■ Records for processing:
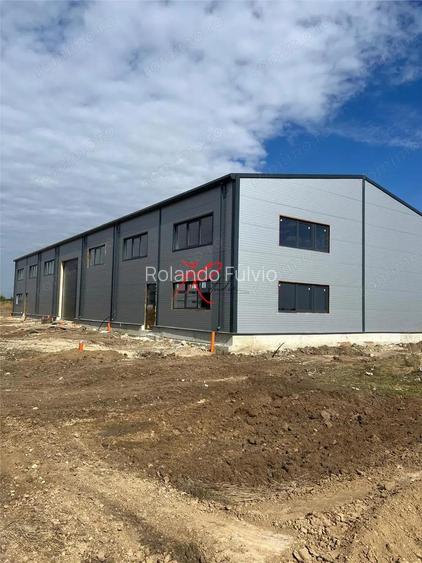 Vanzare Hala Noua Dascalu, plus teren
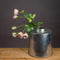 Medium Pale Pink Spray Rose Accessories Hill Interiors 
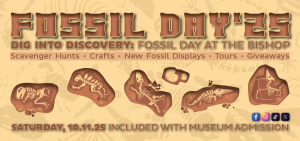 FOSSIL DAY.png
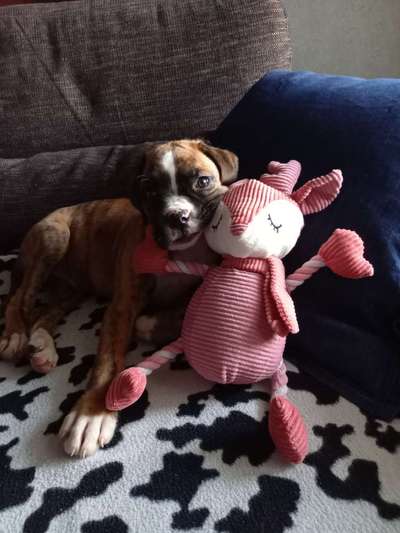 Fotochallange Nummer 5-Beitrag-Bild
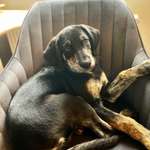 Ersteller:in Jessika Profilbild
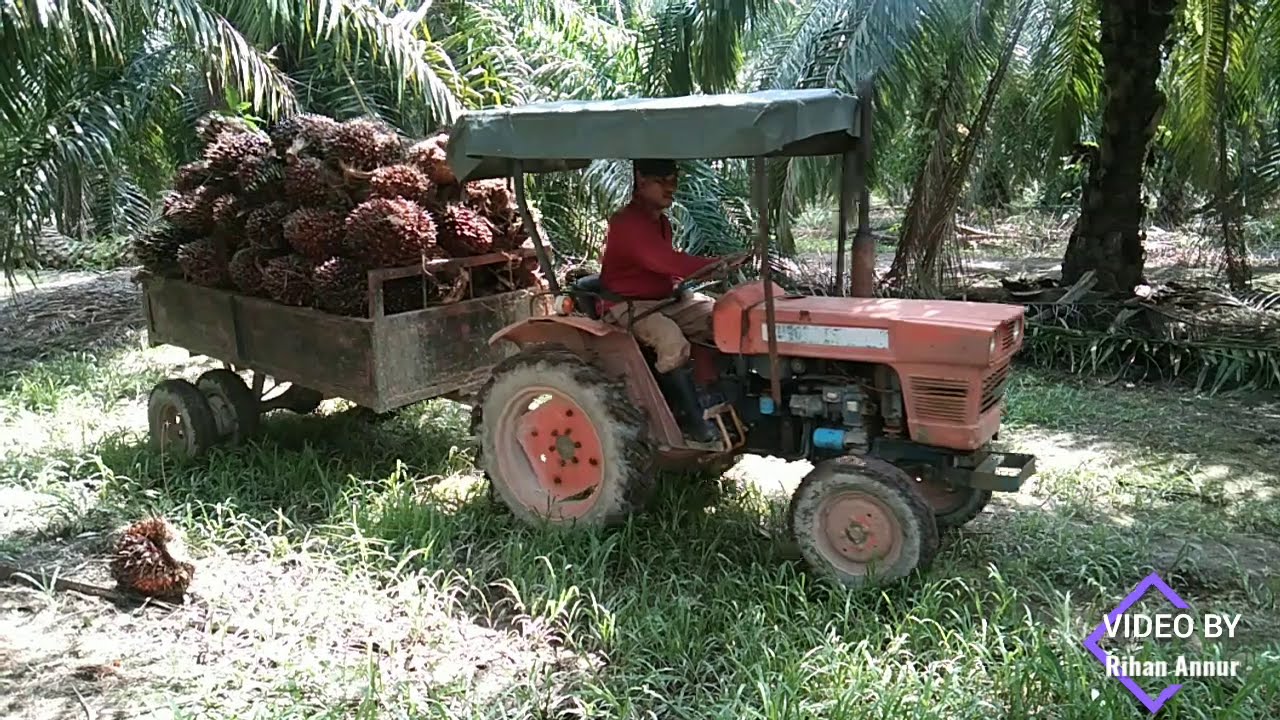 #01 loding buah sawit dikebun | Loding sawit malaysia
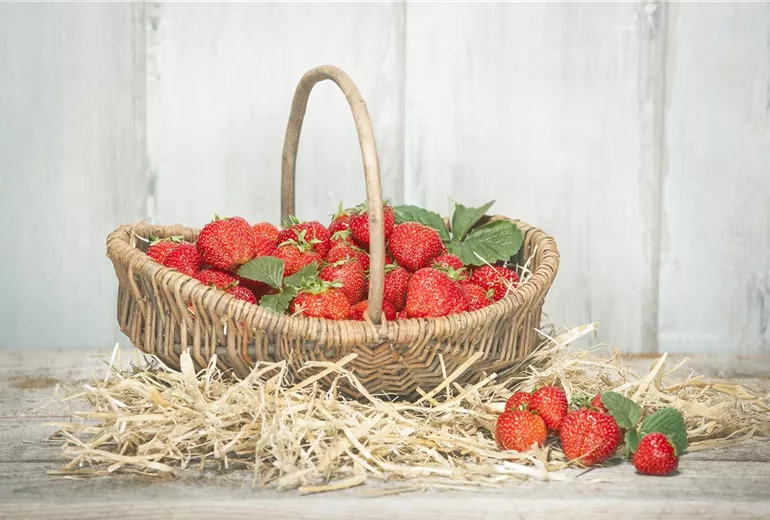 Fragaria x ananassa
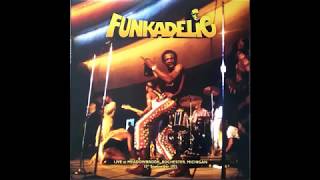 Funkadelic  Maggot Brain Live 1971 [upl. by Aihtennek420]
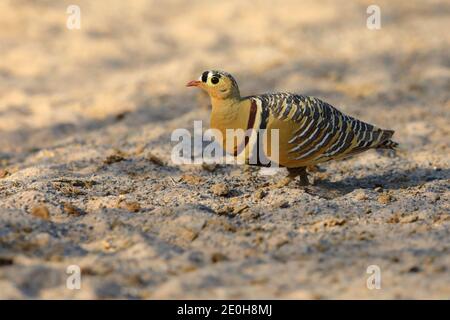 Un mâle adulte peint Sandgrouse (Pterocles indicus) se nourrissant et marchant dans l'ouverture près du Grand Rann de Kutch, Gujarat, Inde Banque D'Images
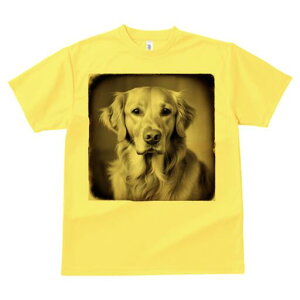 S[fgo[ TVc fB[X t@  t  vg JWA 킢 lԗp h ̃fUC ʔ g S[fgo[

■ Exercise goal:
Give back the material exactly as written, from its first line to the line that contains "[upl. by Aihtennek420]", and leave out the pictures.

■ Response to this task:
 Vanzare Hala Noua Dascalu, plus teren
 Medium Pale Pink Spray Rose Accessories Hill Interiors 
 FOSSIL DAY.png
 Fotochallange Nummer 5-Beitrag-Bild
 Ersteller:in Jessika Profilbild
 #01 loding buah sawit dikebun | Loding sawit malaysia
 Fragaria x ananassa
 Funkadelic  Maggot Brain Live 1971 [upl. by Aihtennek420]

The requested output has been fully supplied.